## Provided material
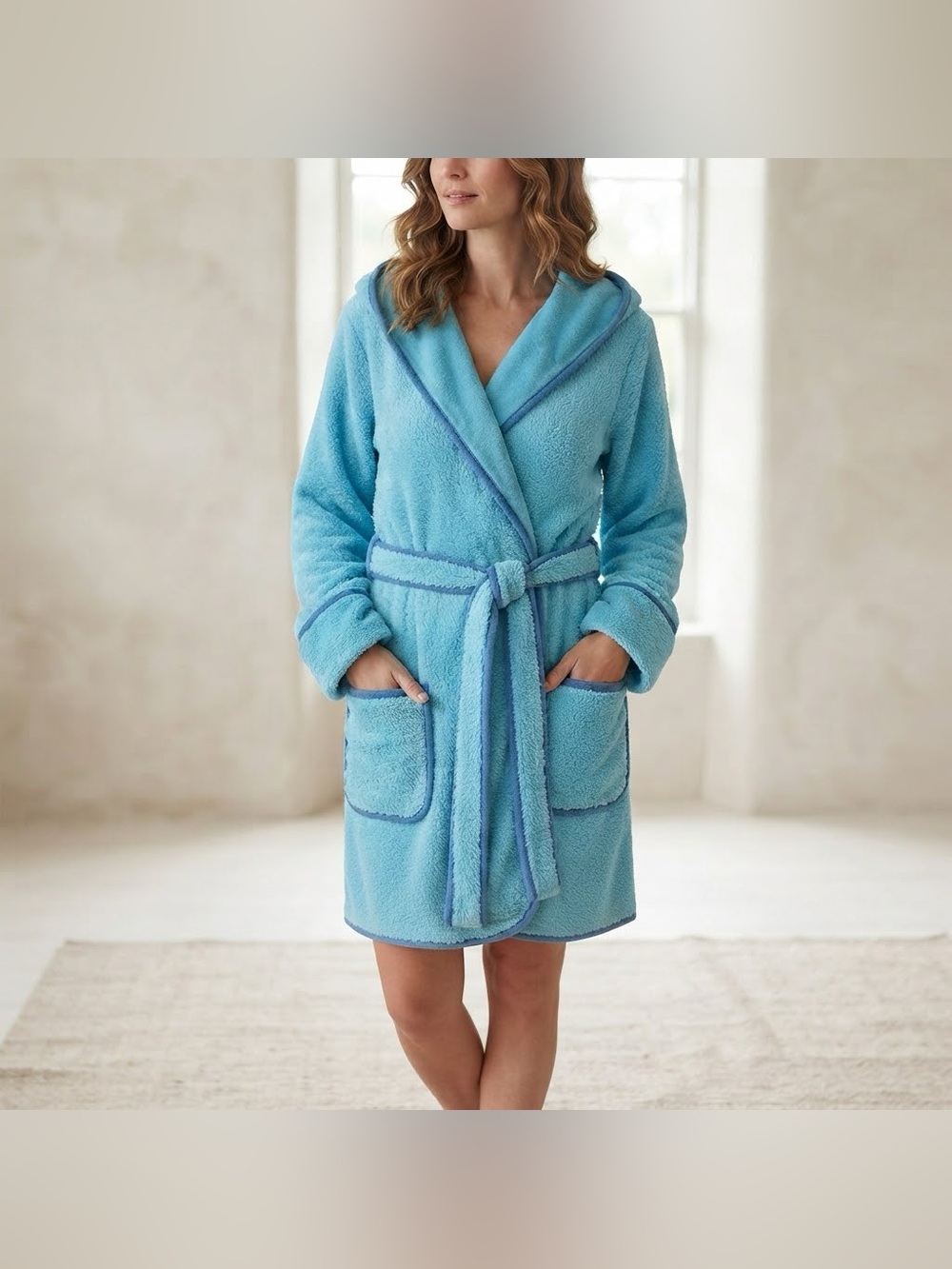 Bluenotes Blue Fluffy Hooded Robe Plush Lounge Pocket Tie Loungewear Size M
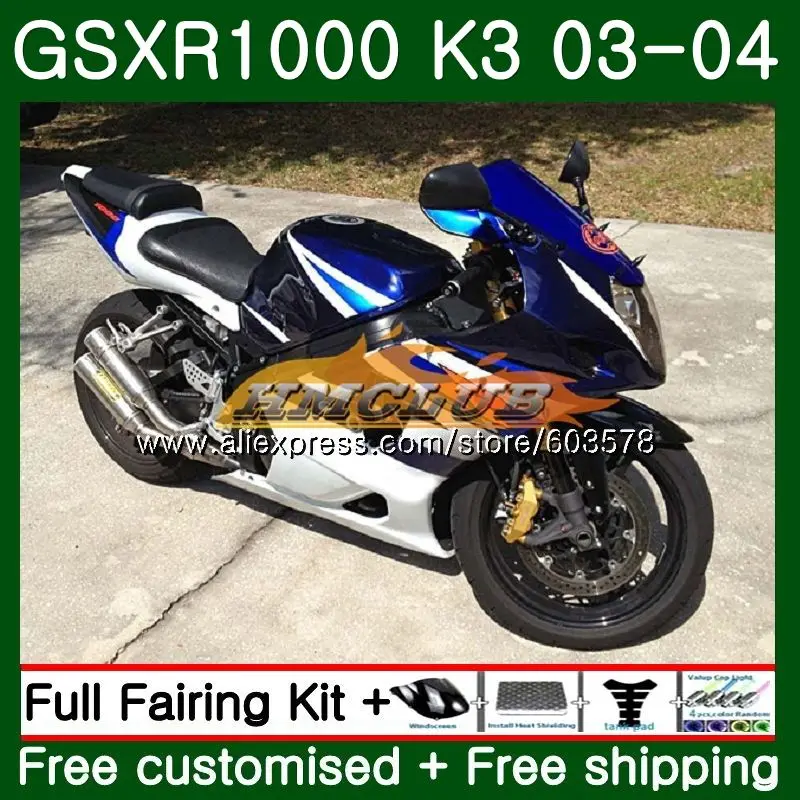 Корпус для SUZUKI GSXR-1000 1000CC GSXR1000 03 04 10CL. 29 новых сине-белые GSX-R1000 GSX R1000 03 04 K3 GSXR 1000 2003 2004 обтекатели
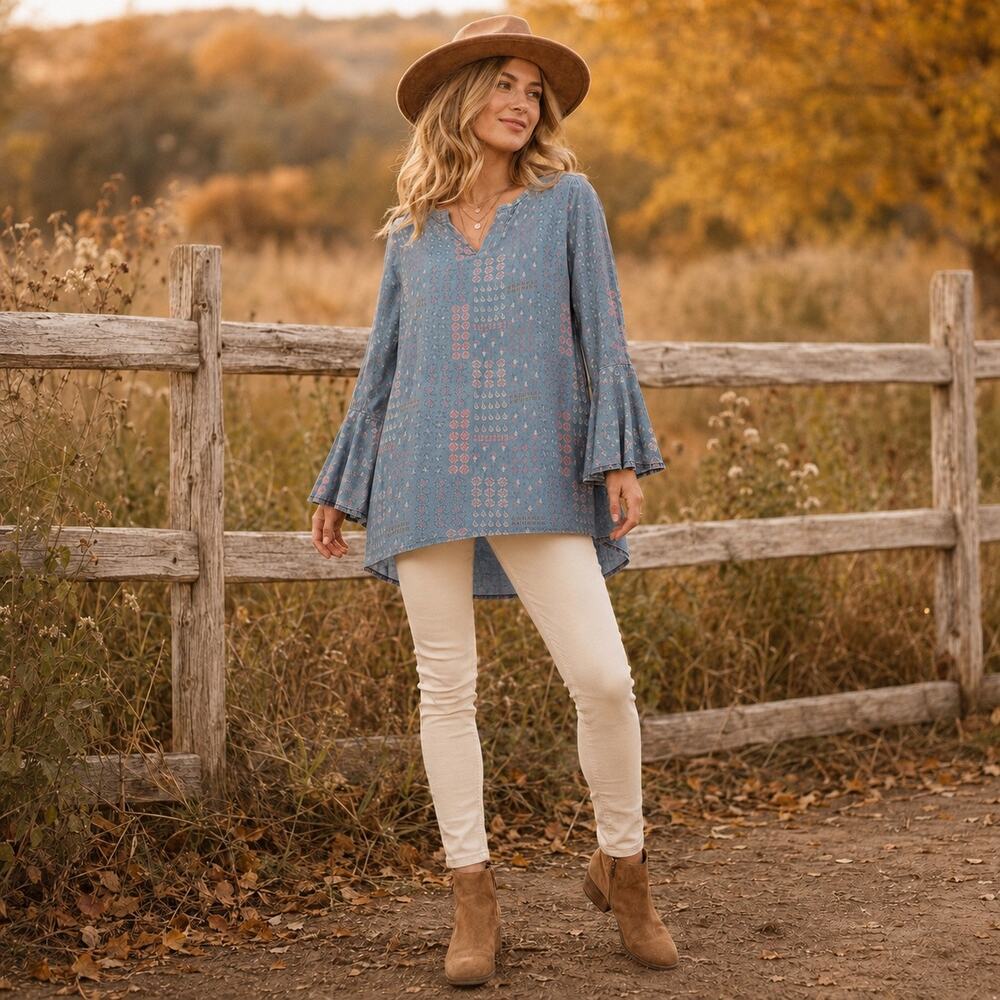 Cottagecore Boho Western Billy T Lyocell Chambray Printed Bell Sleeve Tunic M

## What is needed
Each line of the data above is to be output exactly; the pictures are not to appear.

## Answer section
 Bluenotes Blue Fluffy Hooded Robe Plush Lounge Pocket Tie Loungewear Size M
 Корпус для SUZUKI GSXR-1000 1000CC GSXR1000 03 04 10CL. 29 новых сине-белые GSX-R1000 GSX R1000 03 04 K3 GSXR 1000 2003 2004 обтекатели
 Cottagecore Boho Western Billy T Lyocell Chambray Printed Bell Sleeve Tunic M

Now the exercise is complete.